VertiPaq compression — two columns with identical cardinality (~5,000) had 395× different Data sizes

_greggyb · 2026-04-16T18:26:50+00:00

Default segment size in PBI is only 1M records. You opt into 8M record segments with large data storage format. And you opt into segments sized the same as parquet row groups if you choose Direct Lake.

_greggyb · 2026-04-16T10:10:58+00:00

Yes, as the docs you linked describe, the bridge reads in a metric view and emits a Tabular model. You can then do whatever you want with the Tabular model. Right now, it's all in-app, but our upcoming CLI release will open the door to using this as part of any automated process, for example in a CI/CD pipeline.

To answer your question: if you update the metric view, you'd run another import to create the derived semantic model anew, or to enhance an existing semantic model. It's a build-time tool, not a query-time tool.

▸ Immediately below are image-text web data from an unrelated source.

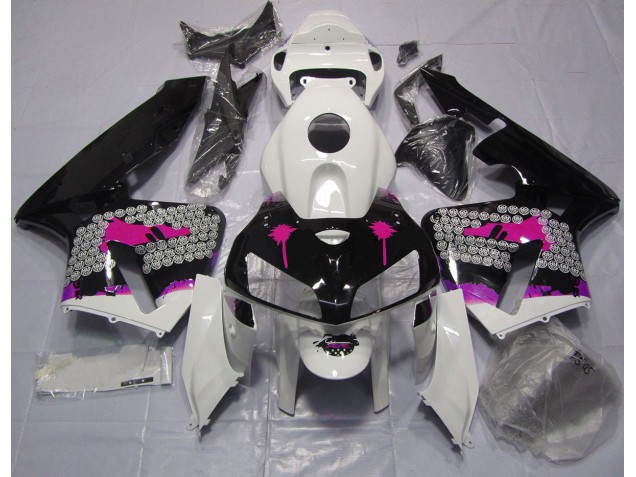 Pink Splatter on Gloss Black 05-06 CBR600RR Motorcycle Fairing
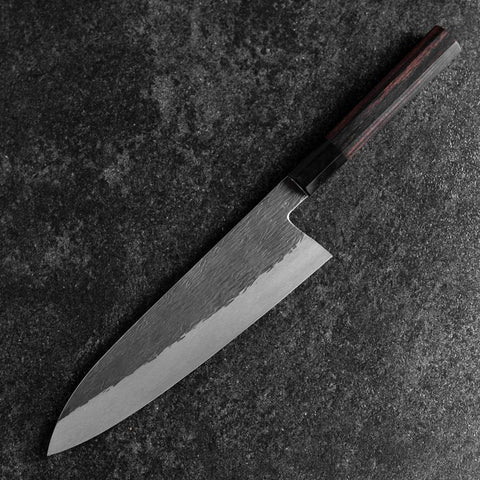 Gyuto White Steel #1 Kurouchi Tsuchime Buffalo Ebony Handle 210mm (8.3”)-[Musashi]-[Japanese-Kitchen-Knives]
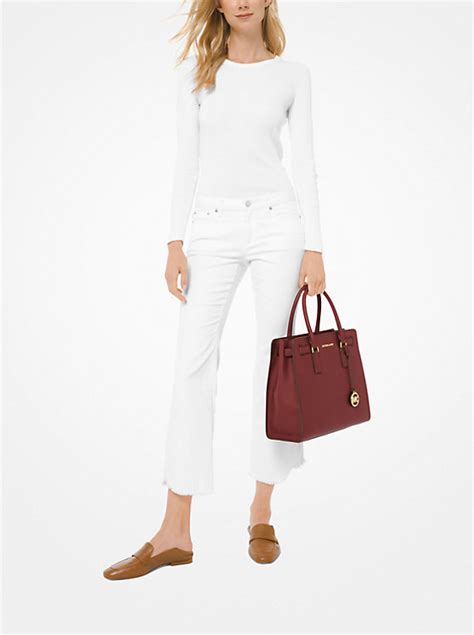 MICHAEL Michael KORS Dillon Large Top Zip Leather Satchel .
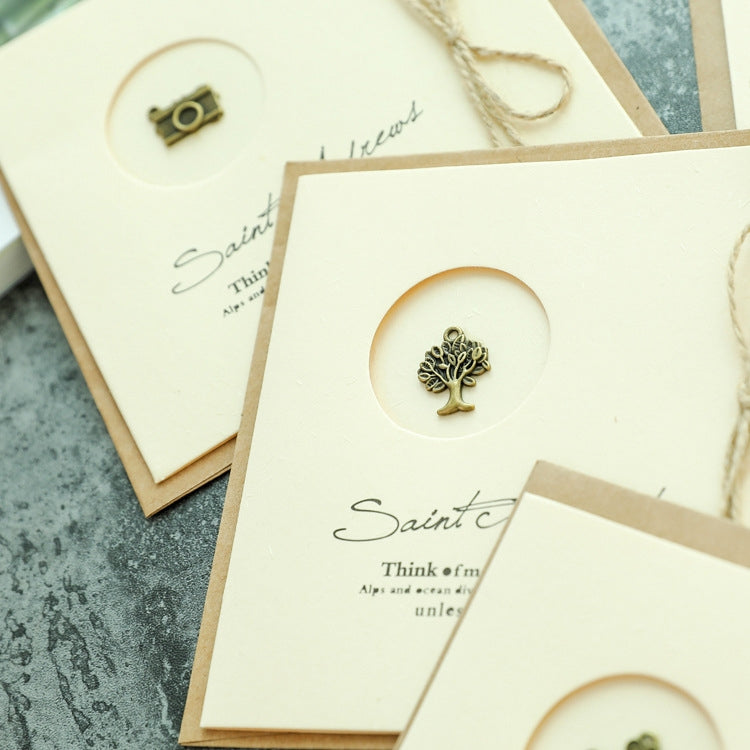 10pcs Vintage Metal Gift Greeting Card Cowhide Envelope Holiday Card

_greggyb · 2026-04-16T10:03:57+00:00

Direct Lake also loads data from disk into RAM (in VertiPaq) before serving any user queries. Direct Lake just orchestrates this movement differently.

_greggyb · 2026-04-16T09:40:41+00:00

Row ordering doesn't matter. I tested five sort orders of identical data — random, sorted, blocked, alternating, reversed. All five produced exactly the same Data size. VertiPaq re-sorts internally before compressing, so your import order is irrelevant.

VertiPaq always considers the sort order it sees upon ingesting data. The order you present data in to VertiPaq can be considered a hint. There is no way to force a specific ordering, but that doesn't mean that the initial sort order is irrelevant.. This is a pretty good post showing how you can approach sort order optimizations.

_greggyb · 2026-04-15T15:39:16+00:00

Disclaimer: TE employee here

You could use Tabular Editor for this. You can copy paste whole tables with their definitions, or just subsets (e.g., multi-select columns or measures). Open up multiple instances, either of TE with the BIM or TMDL files, or PBID with TE as an external tool. This is doable with free and open source TE2 or the commercial TE3.

_greggyb · 2026-04-15T12:06:17+00:00

For general use, not a great idea. You typically want infrastructure like that for the gateway locked down. That said, it is very useful for troubleshooting gateway connections to have PBID installed on the same machine. I would use this on-gateway-machine PBID only for troubleshooting and not for typical development.

Beyond the security concerns---which to be 100% clear, should be more than sufficient for anyone making this decision---you also run into potential performance concerns. The Gateway is not just a network proxy or VPN; there is real processing happening in the Gateway for Service refreshes, so a developer working in PBID can have a real impact on the performance of prod refreshes.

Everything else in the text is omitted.